The Role of the Legislative Council
NSW has had a bicameral (two houses) parliament since 1856 with the upper house originally intended as a house of review – with all members apointed by the Governor. The LC has undergone many reforms, including several attempts to abolish it, and became directly elected in 1978.
It still has a strong review role with a series of committees which scrutinise Government Ministers and business, conducts inquiries and forces the Government to produce state papers. It also plays a strong role in amending legislation, through it rarely defeats bills.
Electing the Legislative Council
The LC has 42 members who have 8 year terms, half (21) being elected at each State election. The council is elected by proportional representation with the whole state being treated as a single electorate.
To be elected to the LC a candidate needs to achieve 4.55% of the vote or roughly 180,000 votes. Anything less than a full quota will be redistributed through preferences. Voting for the LC is similar to the Federal Senate with large ballot papers featuring a series of ‘groups’ above the line and each individual candidate below the line.
However this is where the similarity ends – for the Senate ballot paper a voter can determine the preferences for all candidates by numbering all the squares below the line or by voting above the line and letting the party they vote for determine the flow of preferences. For the Senate all formal votes count and will be used to determine preference flow. Voting in NSW uses optional preferential voting. The ballot paper looks similar but there are more options to vote formally.
You can vote above the line by placing a number one and then (if you wish) numbering as many other candidates in order of preference as you like.
Or you can vote below the line by numbering at least 15 candidates in order of your preference.
This system has a couple of advantages; it makes it easier to vote formally, particularly if you vote below the line; political parties don’t determine preference flow to other parties if you vote above the line; and you don’t have to vote for a candidate you don’t like.

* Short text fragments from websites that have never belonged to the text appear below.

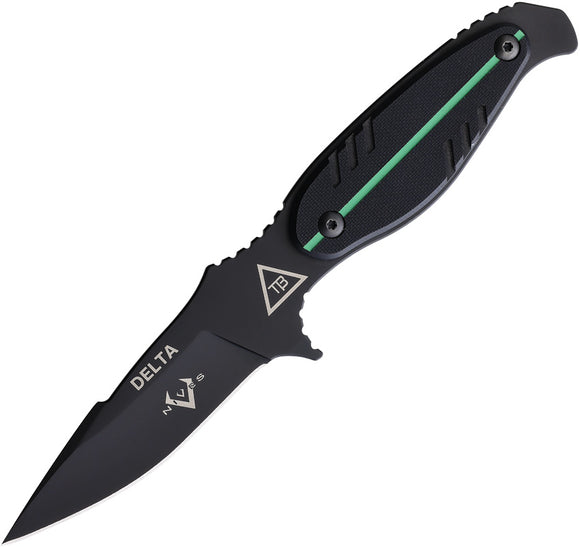 V NIVES Delta Green Line Black G10 Stainless Fixed Blade Knife w/ Sheath 03090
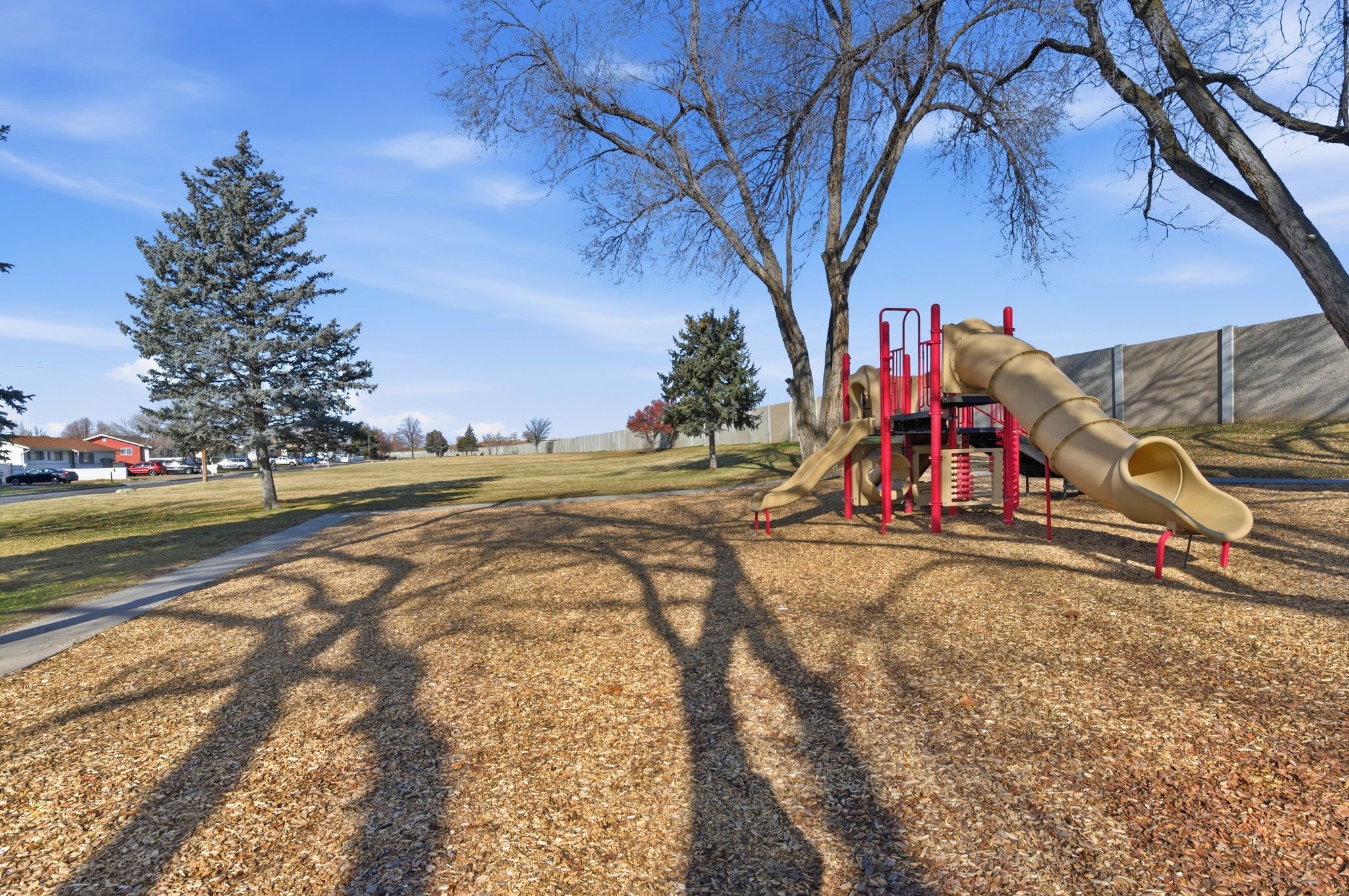 Communal playground with a lawn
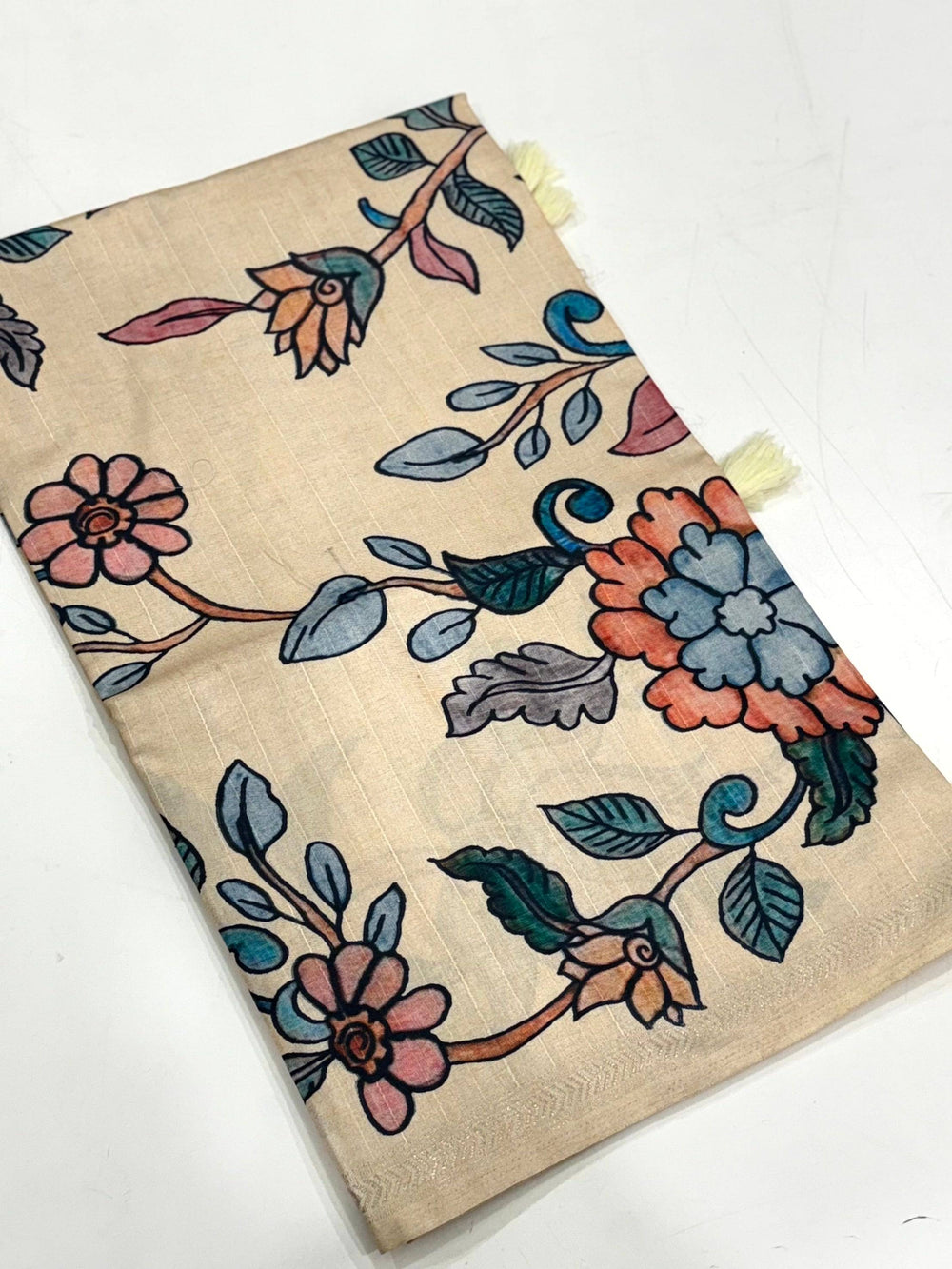 Kalamkari Printed Cream Ghicha Saree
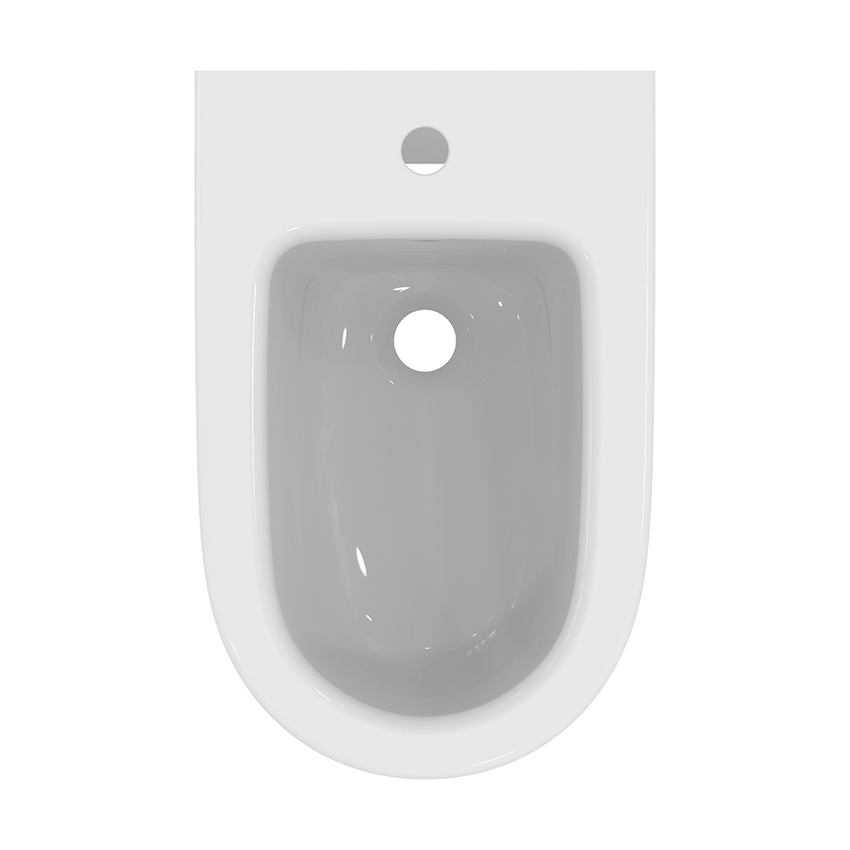 Immagine di Ideal Standard I.LIFE O set completo sanitari a terra vaso HydroTwist, sedile a discesa rallentata, bidet monoforo con troppopieno, colore bianco finitura lucido T568901+T569001+T572201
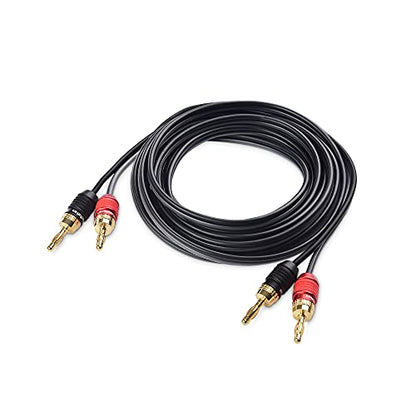 Cable Matters Heavy Duty 12 AWG Speaker Wire, 12ft, Black | Single OFC Speaker Cable with Banana Plugs - size: 12 Feet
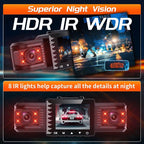 T1-pro Dash Cam Front and Rear Inside 3 Channel 1080P, Adjustable Lens Dash Camera for Cars with 8 IR Lamps Night Vision, Three Ways Triple Car Camera, Loop Recording, G-Sensor, Parking Monitor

But there is one drawback. About 80% of people just vote 1 above the line, and don’t number any others. This may be because they’re lazy, or because they think its like voting in a federal election for the senate. Either way a large number of votes exhaust, which means that a relatively small group of voters determines who will pick up the scraps in a LC contest. According to the ABC’s election guru Antony Green any candidate picking up 2.5% of the vote has strong chance. The Shooters won with 2.1% in 2003 or about 76,000 first preference votes. Incidentally this seat is one of the ones up for election.
So if you want to be one of those voters make sure you fill in the blanks.
The 2011 Election
Now onto the 2011 election. Of the 21 continuing MLCs there are:
Labor/Country Labor – 9
Liberal/Nationals – 8
The Greens – 2
Christian Democrats (Fred Nile Group) – 1
Shooters and Fishers – 1
It is the continuing members that make the upper house a more interesting contest. On the left side of politics you have 11 continuing members and on the right side 10. The effect of any swing is thus diminished by the existing membership of the LC. In order to secure a full majority in the upper house the LNP would need to secure about 60% of the vote – a swing of 27%, something you won’t see outside of a by-election.
No, one of two things will happen in the LC. The balance of power will be held by either the Greens or the conservative minor parties and independents. This will direct the power-plays in NSW politics over the next 4 and 8 years.
Under either circumstance the LNP may be forced to work with Labor to pass legislation, when Greens or conservatives are playing hardball. Although there’s plenty of bipartisan legislation, the contentious stuff will end up being decided by either a group of conservative parties and independents or the Greens. The conservatives could extract amendments (or other concessions) dragging a piece of legislation towards the right, whilst the Greens could drag it back towards the centre.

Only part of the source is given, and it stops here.